For this assignment we have given two sets of email messages. One set is known to be spam and another set is known to be “ham,” a legitimate message. I have downloaded two files from the example corpus https://spamassassin.apache.org/old/publiccorpus/.1 I have downloaded the files named 20021010_easy_ham.tar.bz2 and 20021010_spam.tar.bz2 containg sample ham and spam messages respectively. I have also made my chosen files available on github.
hamURL <- 'https://spamassassin.apache.org/old/publiccorpus/20021010_easy_ham.tar.bz2'
spamURL <- 'https://spamassassin.apache.org/old/publiccorpus/20021010_spam.tar.bz2'
download.file(hamURL,"corpus/20021010_easy_ham.tar.bz2")
download.file(spamURL,"corpus/20021010_spam.tar.bz2")
untar("corpus/20021010_easy_ham.tar.bz2", exdir = "corpus/")

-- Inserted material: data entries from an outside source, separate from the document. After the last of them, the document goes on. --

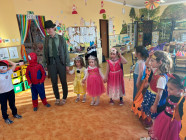 Karneval ve školce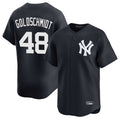 BIPIHUC NY.Yankees #48 Paul Goldschmidt Player Navy Limited Stitched Jerseys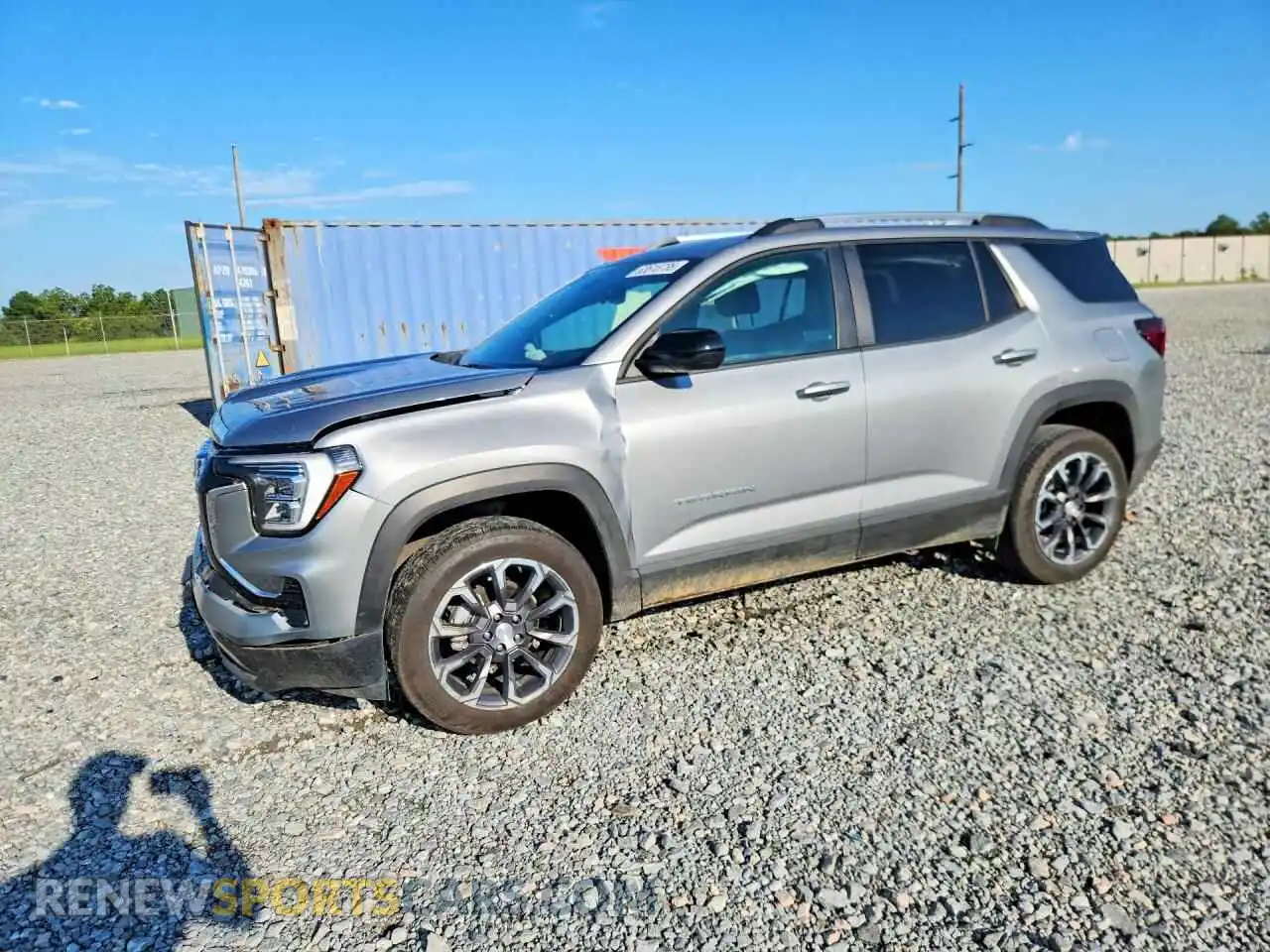 1 Photograph of a damaged car 3GKALMEG1TL138652 GMC TERRAIN 2026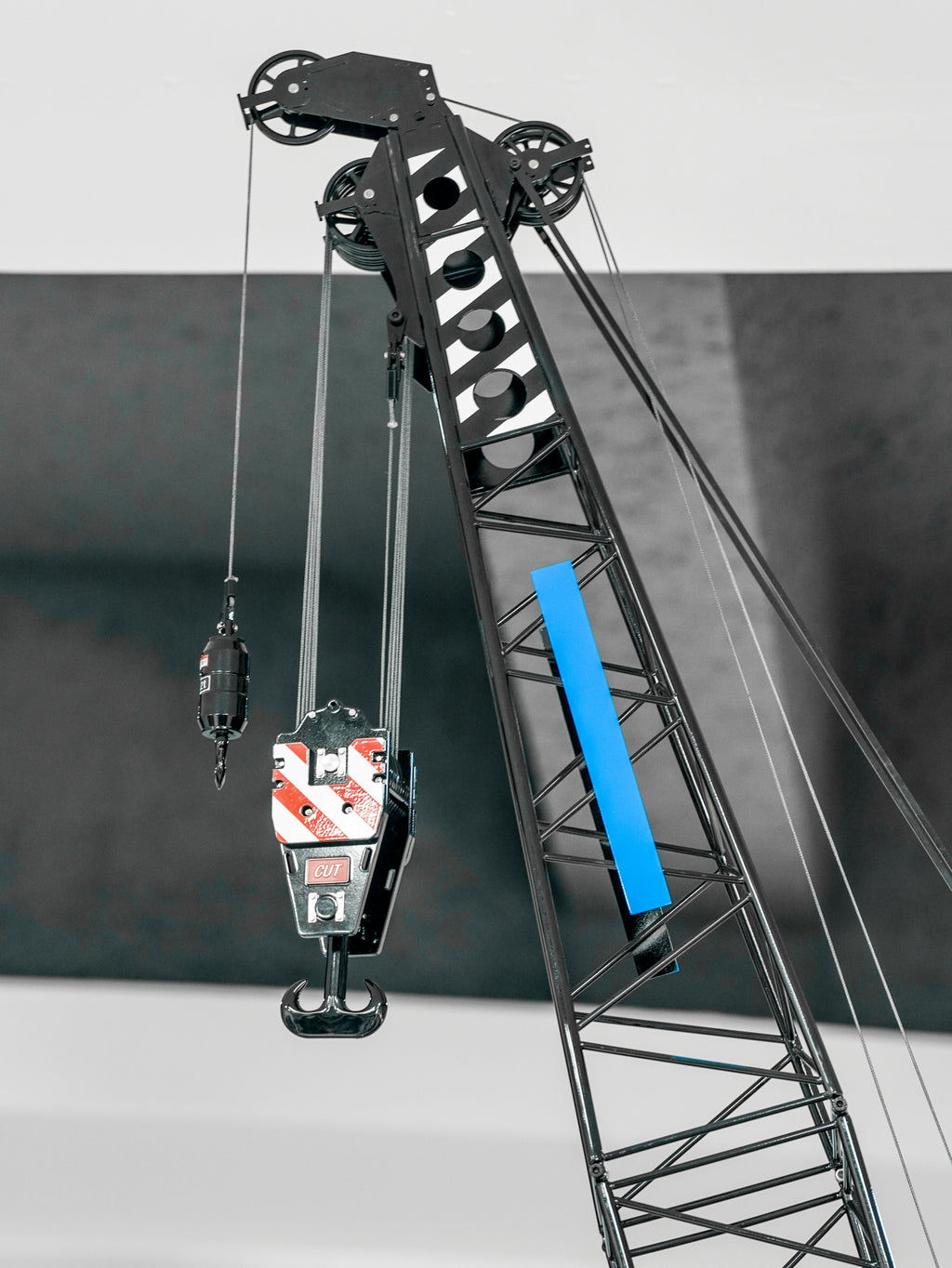 Kudon C1200 Tracked Lattice Boom Hydraulic RC Crane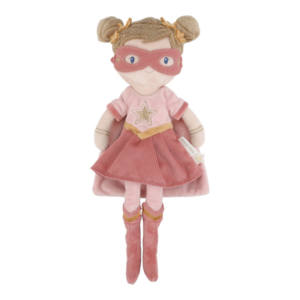Lalka Supehero Rosa 35 cm Little Dutch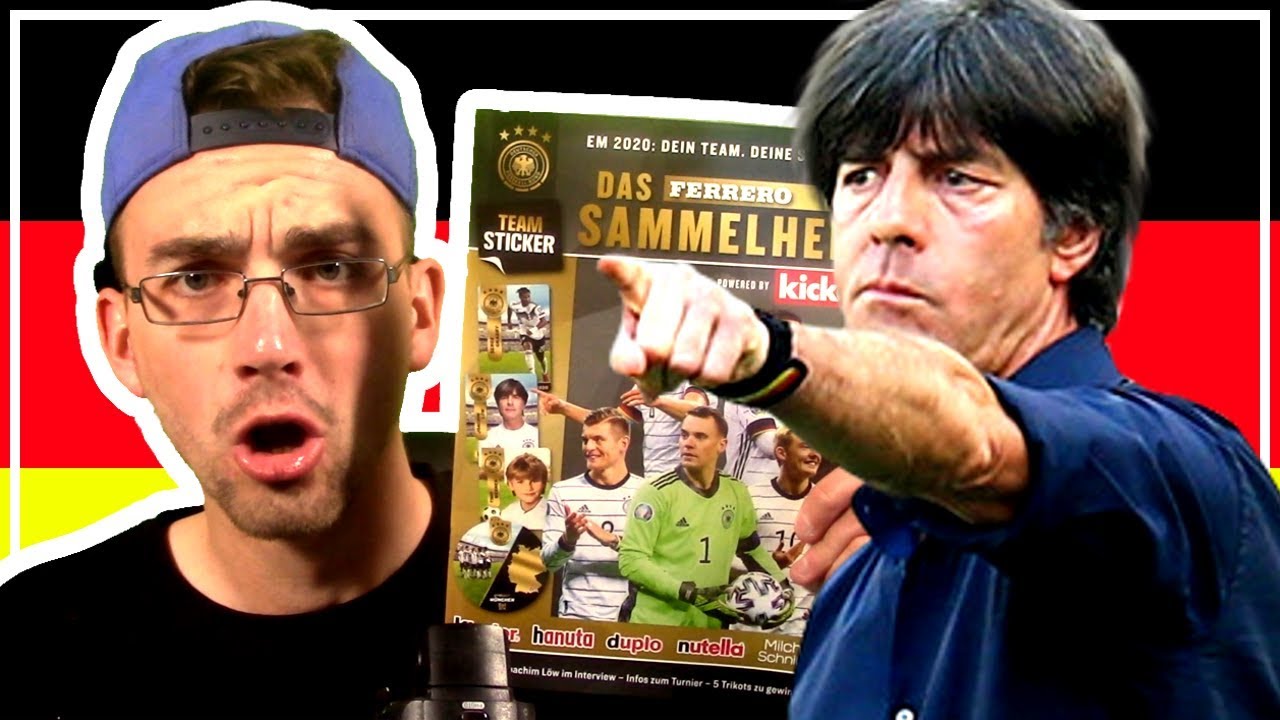 Wenn ICH JOACHIM L&Ouml;W w&auml;re! 😱🔥 FERRERO DFB EURO 2020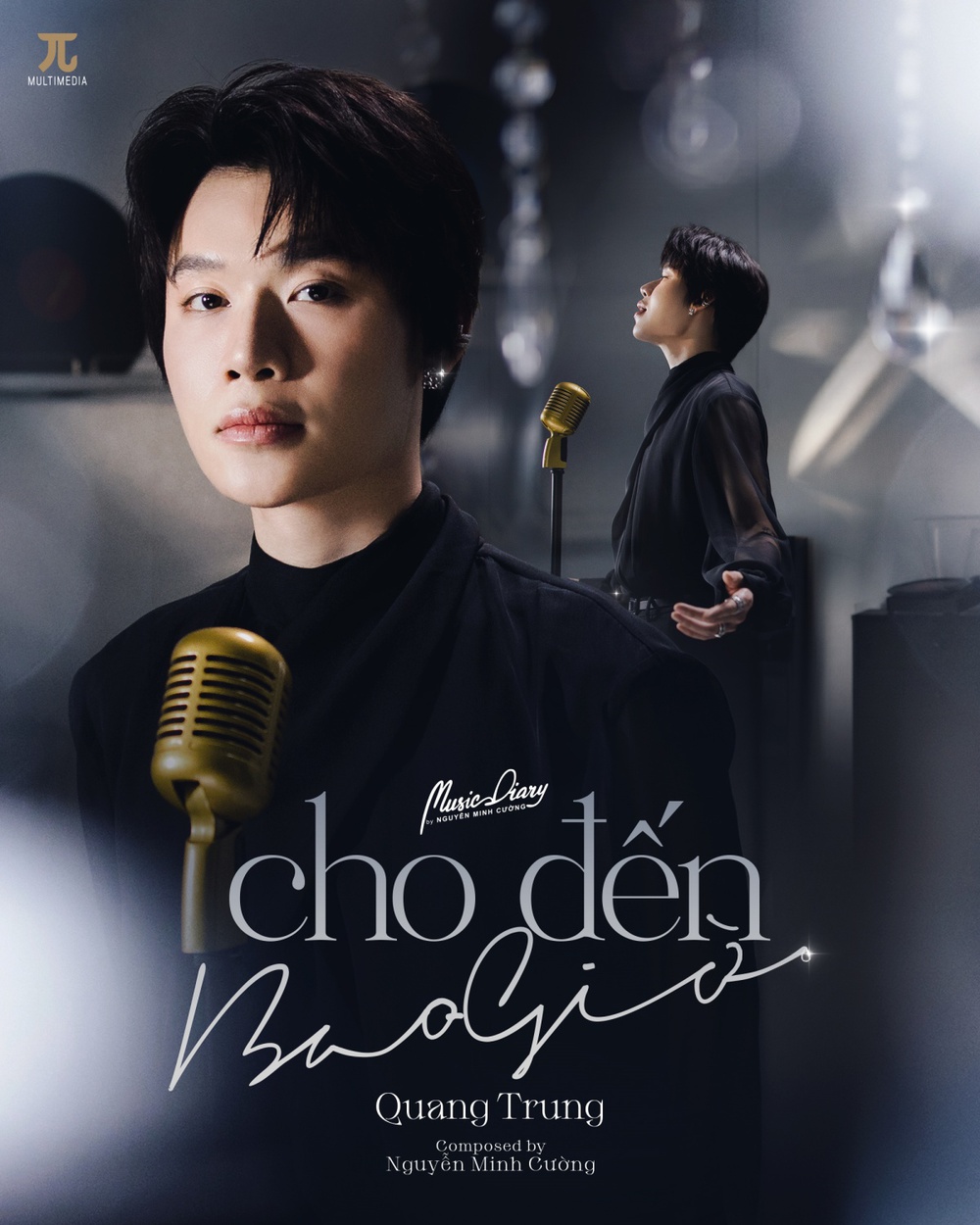 Quang Trung bắt tay Nguyễn Minh Cường trong Music Diary 8 - Ảnh 1. Quang Trung bắt tay Nguyễn Minh Cường trong Music Diary 8 - Ảnh 1.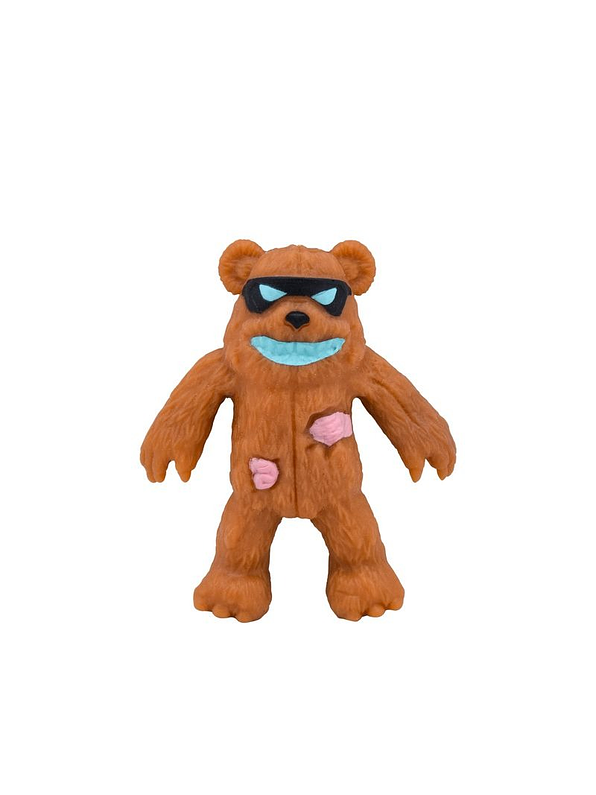Muñeco Estirable Stretchapalz Evil Bear Series  2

untar("corpus/20021010_spam.tar.bz2", exdir = "corpus/")
I will be using the tm, Text Mining Package, in R to import the spam and ham data sets and to do some analysis.
library(tm)
The data sets have been imported as as Corpus objects. I have converted these Corpus objects to data frames in order to manipulate the data.
spamCorpus <- Corpus(DirSource(directory = "corpus/spam", encoding = "ASCII"))
hamCorpus <- Corpus(DirSource(directory = "corpus/easy_ham/",encoding = "ASCII"))
spam <- data.frame(text = sapply(spamCorpus, as.character), stringsAsFactors = FALSE)
ham <- data.frame(text = sapply(hamCorpus, as.character), stringsAsFactors = FALSE)
spam <- spam %>%
rownames_to_column("message-id") %>%
rename( message=text ) %>%
mutate ( isSpam = 1)
ham <- ham %>%
rownames_to_column("message-id") %>%
rename( message=text ) %>%
mutate ( isSpam = 0)
The body of a mail message comes after the header and consists of everything that follows the first blank line..2 As a result I will split the message column by a field containing two consecutive new line characters.
combinedDataSet <- rbind(spam,ham) %>%
separate(message,sep = "(\r\n|\r|\n)(\r\n|\r|\n)", into = c("headers","body"), extra = "merge")
I will now strip any HTML tags from the message, using a regular expression.
combinedDataSet <- combinedDataSet %>%
mutate( body_plaintext = str_replace_all(body,"</?[^>]+>","") )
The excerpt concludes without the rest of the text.